* _Dataset entries_:
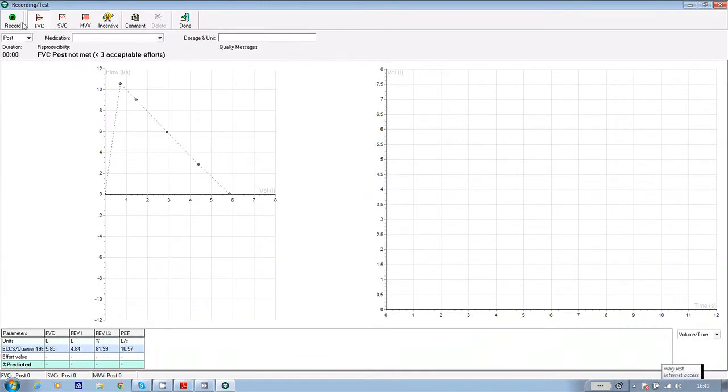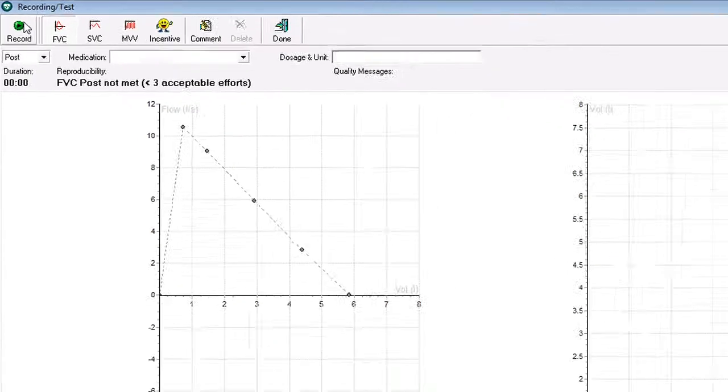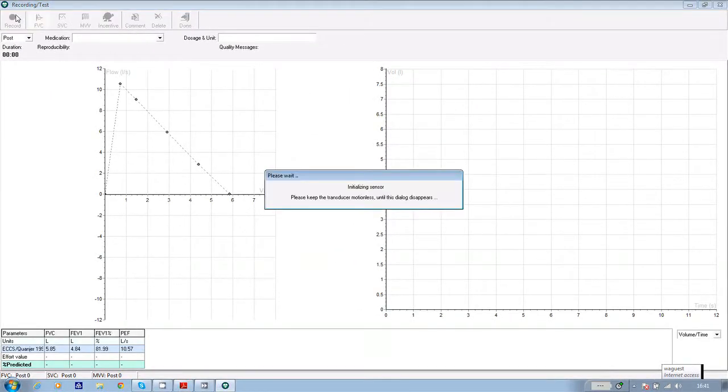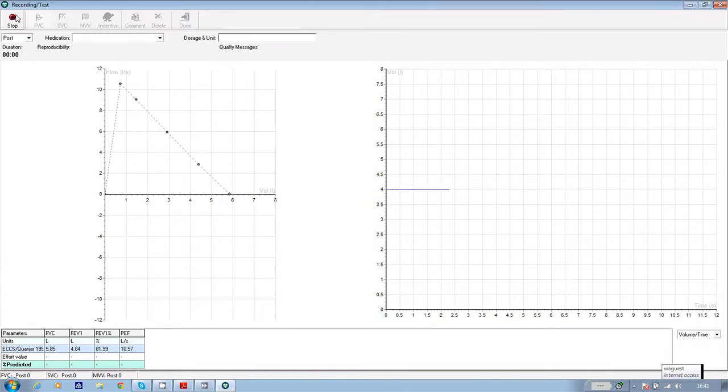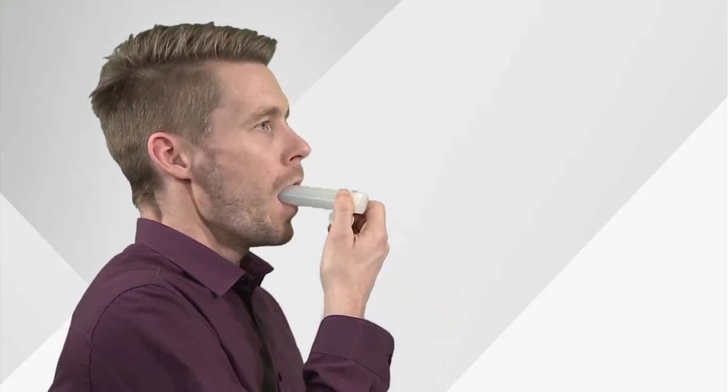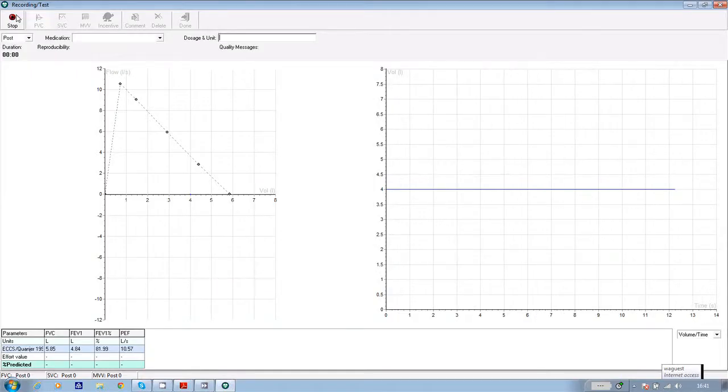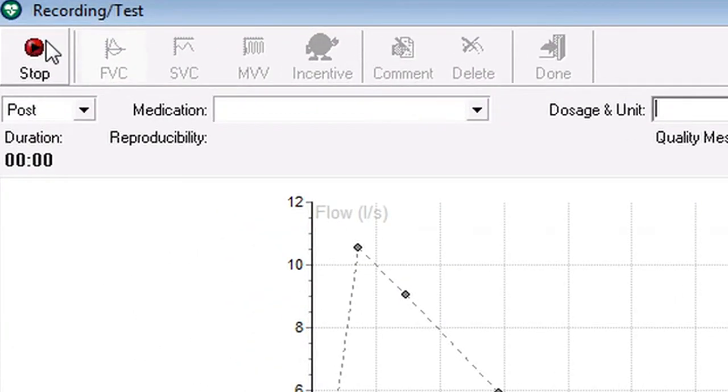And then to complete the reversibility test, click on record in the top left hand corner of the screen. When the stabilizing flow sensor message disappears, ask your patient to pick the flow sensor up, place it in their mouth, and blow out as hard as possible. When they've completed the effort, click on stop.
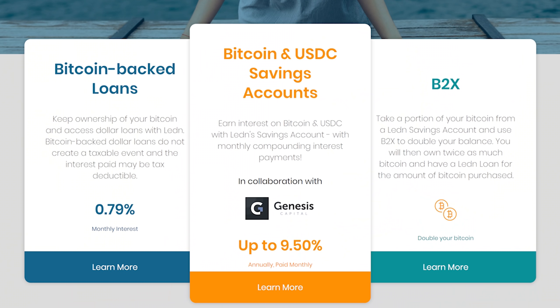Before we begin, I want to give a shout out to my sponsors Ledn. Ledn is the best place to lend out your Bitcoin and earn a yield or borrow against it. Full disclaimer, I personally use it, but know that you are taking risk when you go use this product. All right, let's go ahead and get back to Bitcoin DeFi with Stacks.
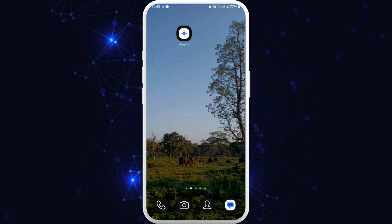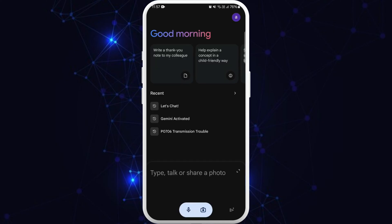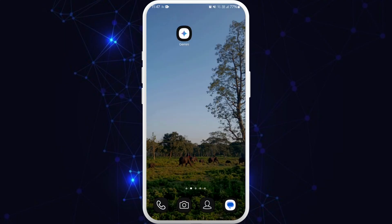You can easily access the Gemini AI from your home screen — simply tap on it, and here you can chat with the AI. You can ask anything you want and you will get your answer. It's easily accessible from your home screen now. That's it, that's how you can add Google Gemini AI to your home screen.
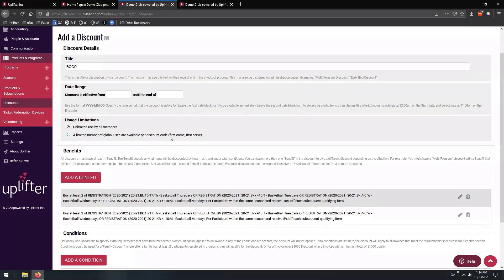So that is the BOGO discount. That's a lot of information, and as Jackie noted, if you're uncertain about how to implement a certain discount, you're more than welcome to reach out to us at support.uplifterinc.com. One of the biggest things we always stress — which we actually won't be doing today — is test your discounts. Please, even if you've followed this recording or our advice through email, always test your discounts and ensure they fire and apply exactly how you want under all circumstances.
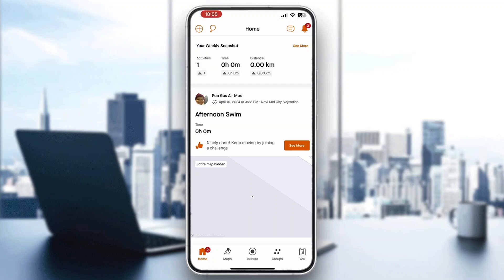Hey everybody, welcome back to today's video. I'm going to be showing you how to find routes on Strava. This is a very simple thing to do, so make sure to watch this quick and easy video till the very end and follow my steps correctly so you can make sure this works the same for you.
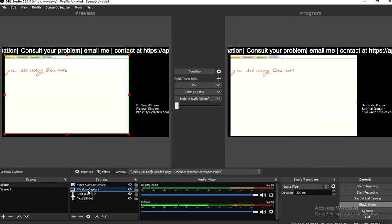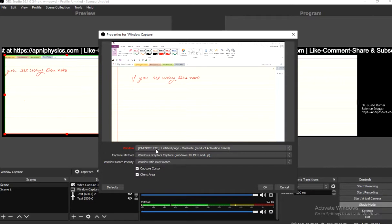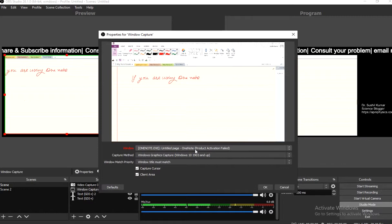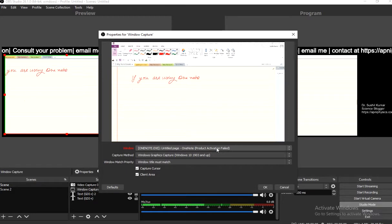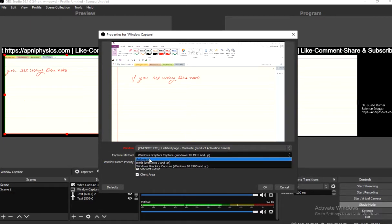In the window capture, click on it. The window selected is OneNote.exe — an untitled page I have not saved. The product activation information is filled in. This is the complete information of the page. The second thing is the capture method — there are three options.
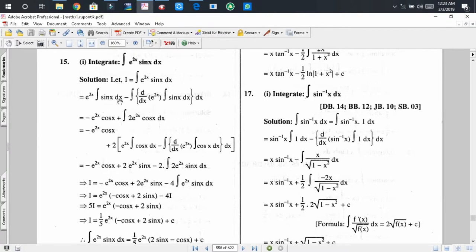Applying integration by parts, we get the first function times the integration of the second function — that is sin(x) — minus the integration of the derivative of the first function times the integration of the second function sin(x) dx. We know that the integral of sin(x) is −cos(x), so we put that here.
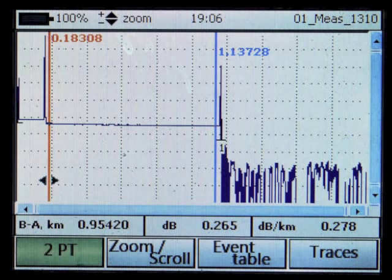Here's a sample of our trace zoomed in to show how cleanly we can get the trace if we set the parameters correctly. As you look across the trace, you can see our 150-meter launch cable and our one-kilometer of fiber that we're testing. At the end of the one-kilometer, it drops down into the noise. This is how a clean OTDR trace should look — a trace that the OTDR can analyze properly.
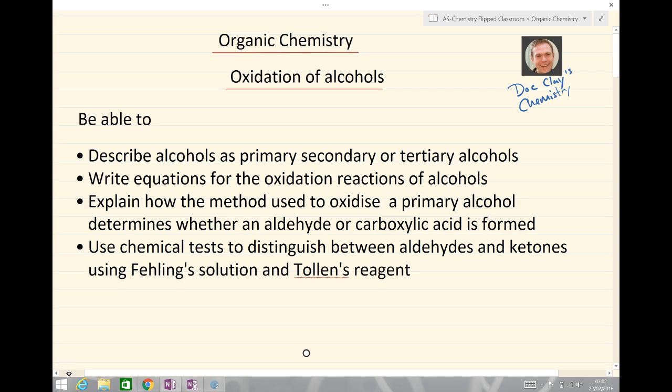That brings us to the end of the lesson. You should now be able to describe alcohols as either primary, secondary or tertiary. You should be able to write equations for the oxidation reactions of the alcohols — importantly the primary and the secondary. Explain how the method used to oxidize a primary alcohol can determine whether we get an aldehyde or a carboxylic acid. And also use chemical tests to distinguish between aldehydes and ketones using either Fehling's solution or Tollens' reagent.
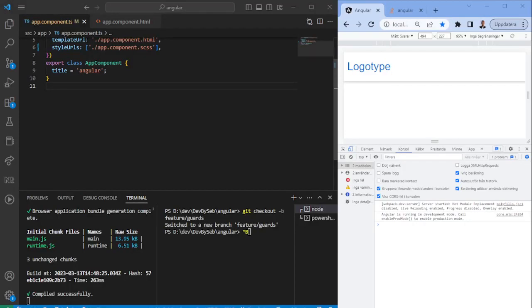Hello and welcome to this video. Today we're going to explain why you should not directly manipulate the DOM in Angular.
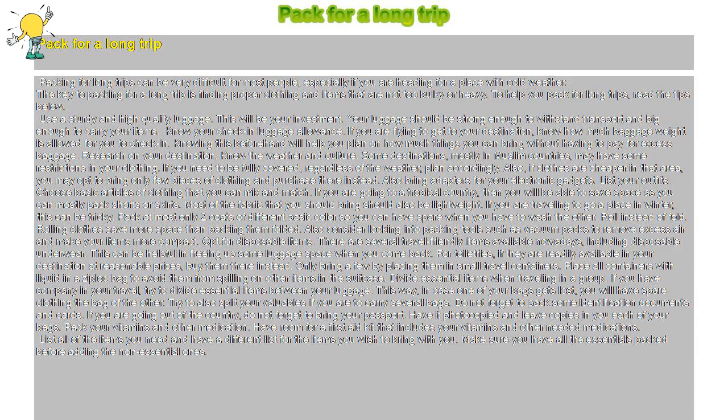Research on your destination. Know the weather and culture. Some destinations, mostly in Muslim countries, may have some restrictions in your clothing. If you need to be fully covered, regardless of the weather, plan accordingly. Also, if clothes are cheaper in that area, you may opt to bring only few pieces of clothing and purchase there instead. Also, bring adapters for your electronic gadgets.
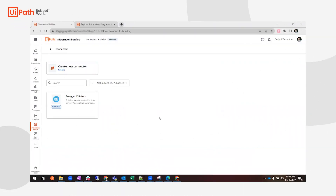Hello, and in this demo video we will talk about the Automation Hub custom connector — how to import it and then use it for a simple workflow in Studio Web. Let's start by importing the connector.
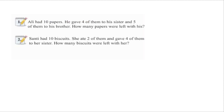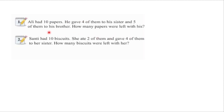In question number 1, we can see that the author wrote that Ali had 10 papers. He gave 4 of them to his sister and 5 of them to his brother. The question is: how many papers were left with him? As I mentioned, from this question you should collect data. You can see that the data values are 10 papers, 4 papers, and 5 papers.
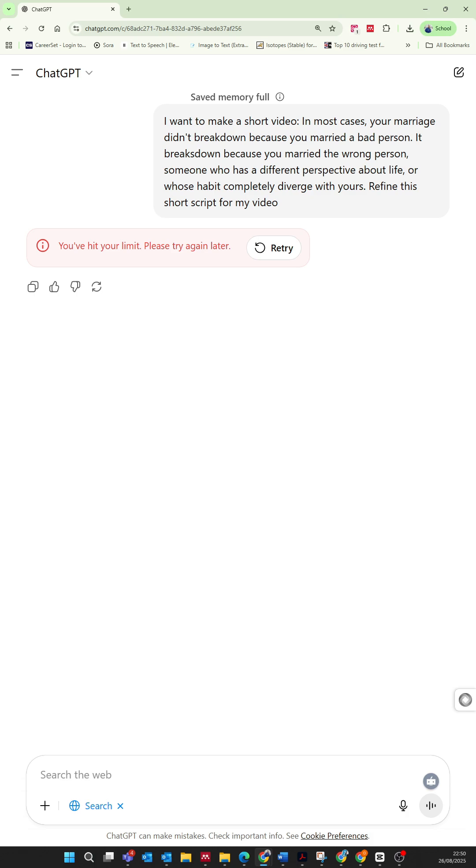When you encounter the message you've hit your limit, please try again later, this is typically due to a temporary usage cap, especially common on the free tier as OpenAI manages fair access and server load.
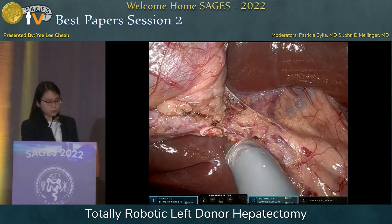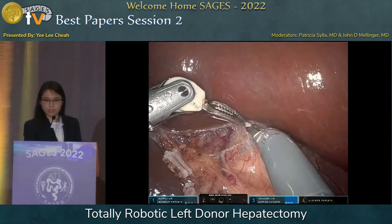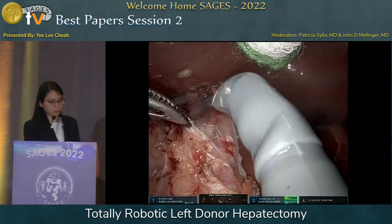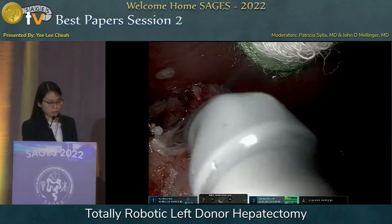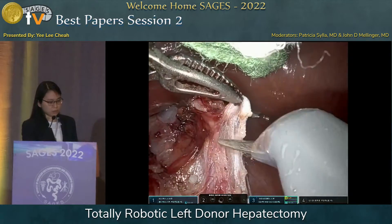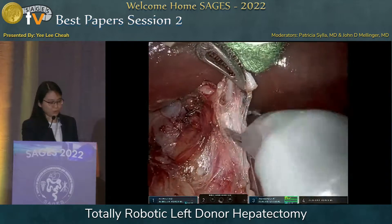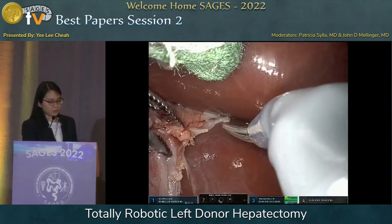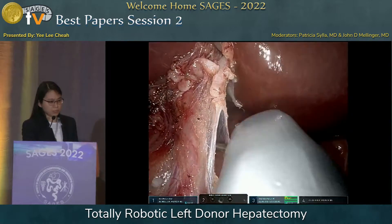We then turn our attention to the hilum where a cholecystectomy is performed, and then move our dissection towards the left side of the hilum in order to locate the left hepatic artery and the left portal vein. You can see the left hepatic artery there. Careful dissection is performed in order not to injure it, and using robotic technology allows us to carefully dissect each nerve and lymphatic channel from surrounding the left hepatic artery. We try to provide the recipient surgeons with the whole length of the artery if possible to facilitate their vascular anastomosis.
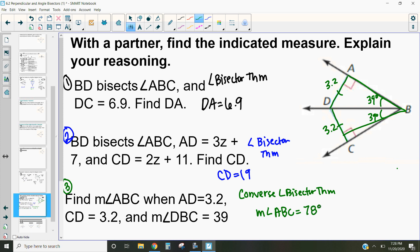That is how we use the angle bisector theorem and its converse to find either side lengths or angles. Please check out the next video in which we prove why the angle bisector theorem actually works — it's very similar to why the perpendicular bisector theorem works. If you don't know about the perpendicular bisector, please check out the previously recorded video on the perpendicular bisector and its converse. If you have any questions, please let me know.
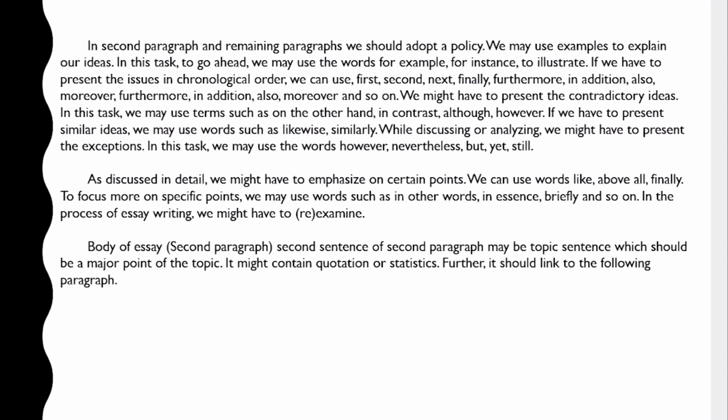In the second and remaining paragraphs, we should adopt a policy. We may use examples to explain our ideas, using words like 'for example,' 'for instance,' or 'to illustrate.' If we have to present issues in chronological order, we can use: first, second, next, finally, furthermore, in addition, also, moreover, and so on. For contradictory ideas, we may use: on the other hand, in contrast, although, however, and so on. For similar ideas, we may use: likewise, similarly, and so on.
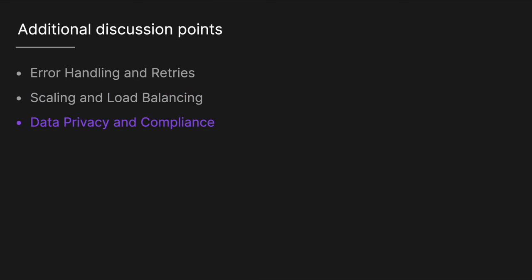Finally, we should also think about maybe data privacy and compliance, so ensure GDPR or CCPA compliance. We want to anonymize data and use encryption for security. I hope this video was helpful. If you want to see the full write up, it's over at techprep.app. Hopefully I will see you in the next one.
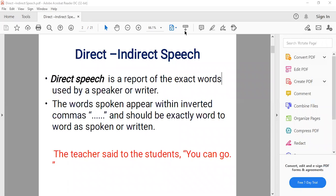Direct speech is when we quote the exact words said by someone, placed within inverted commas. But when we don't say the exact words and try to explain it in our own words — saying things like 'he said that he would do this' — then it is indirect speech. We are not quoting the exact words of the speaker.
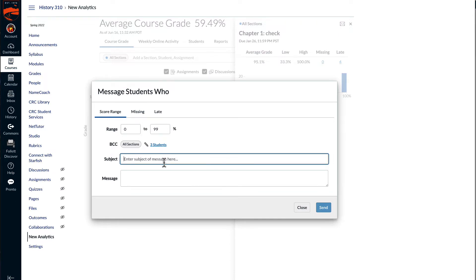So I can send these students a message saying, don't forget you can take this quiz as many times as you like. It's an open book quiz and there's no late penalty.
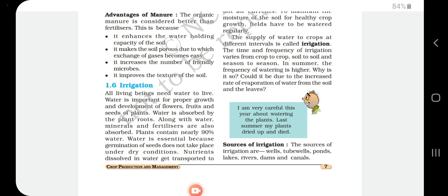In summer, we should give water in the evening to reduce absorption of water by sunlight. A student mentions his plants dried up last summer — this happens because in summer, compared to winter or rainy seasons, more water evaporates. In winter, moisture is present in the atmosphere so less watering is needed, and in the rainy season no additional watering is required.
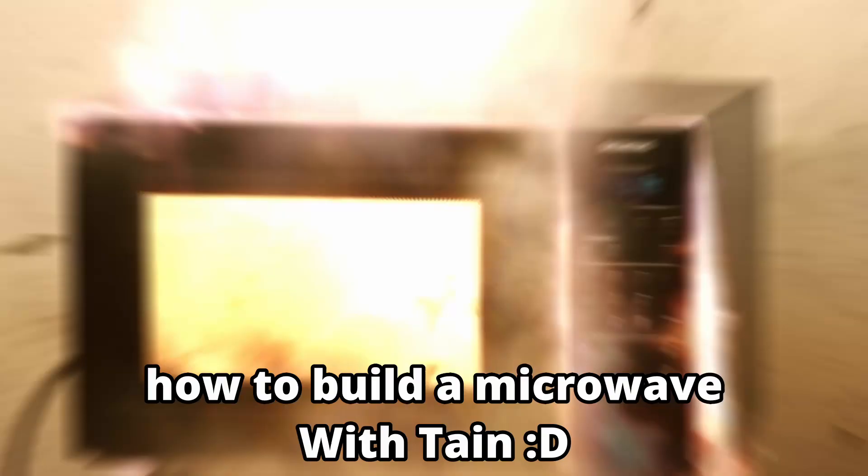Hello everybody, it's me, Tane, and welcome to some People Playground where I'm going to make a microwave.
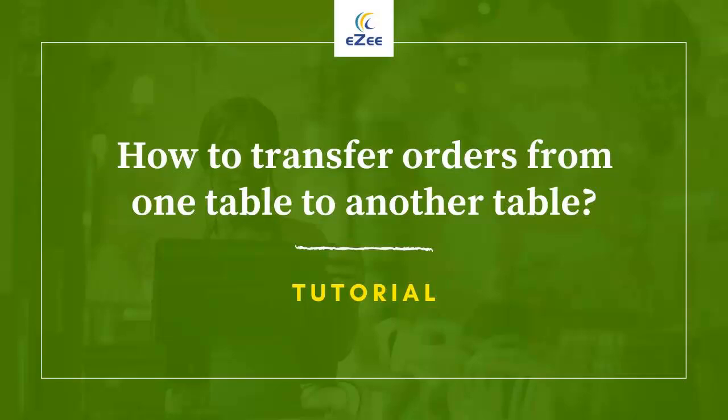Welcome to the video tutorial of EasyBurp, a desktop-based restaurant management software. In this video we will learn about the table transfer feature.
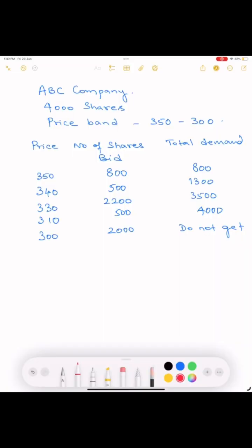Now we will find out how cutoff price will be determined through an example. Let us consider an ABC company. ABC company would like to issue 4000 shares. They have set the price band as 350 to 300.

* _Problem requirements_:
Say again, word for word, the lines beginning at the top of the data and ending with the line that has "In the window". Skip the pictures.

* _Problem solution_:
And then to complete the reversibility test, click on record in the top left hand corner of the screen. When the stabilizing flow sensor message disappears, ask your patient to pick the flow sensor up, place it in their mouth, and blow out as hard as possible. When they've completed the effort, click on stop.
Before we begin, I want to give a shout out to my sponsors Ledn. Ledn is the best place to lend out your Bitcoin and earn a yield or borrow against it. Full disclaimer, I personally use it, but know that you are taking risk when you go use this product. All right, let's go ahead and get back to Bitcoin DeFi with Stacks.
You can easily access the Gemini AI from your home screen — simply tap on it, and here you can chat with the AI. You can ask anything you want and you will get your answer. It's easily accessible from your home screen now. That's it, that's how you can add Google Gemini AI to your home screen.
So that is the BOGO discount. That's a lot of information, and as Jackie noted, if you're uncertain about how to implement a certain discount, you're more than welcome to reach out to us at support.uplifterinc.com. One of the biggest things we always stress — which we actually won't be doing today — is test your discounts. Please, even if you've followed this recording or our advice through email, always test your discounts and ensure they fire and apply exactly how you want under all circumstances.
Hey everybody, welcome back to today's video. I'm going to be showing you how to find routes on Strava. This is a very simple thing to do, so make sure to watch this quick and easy video till the very end and follow my steps correctly so you can make sure this works the same for you.
In the window capture, click on it. The window selected is OneNote.exe — an untitled page I have not saved. The product activation information is filled in. This is the complete information of the page. The second thing is the capture method — there are three options.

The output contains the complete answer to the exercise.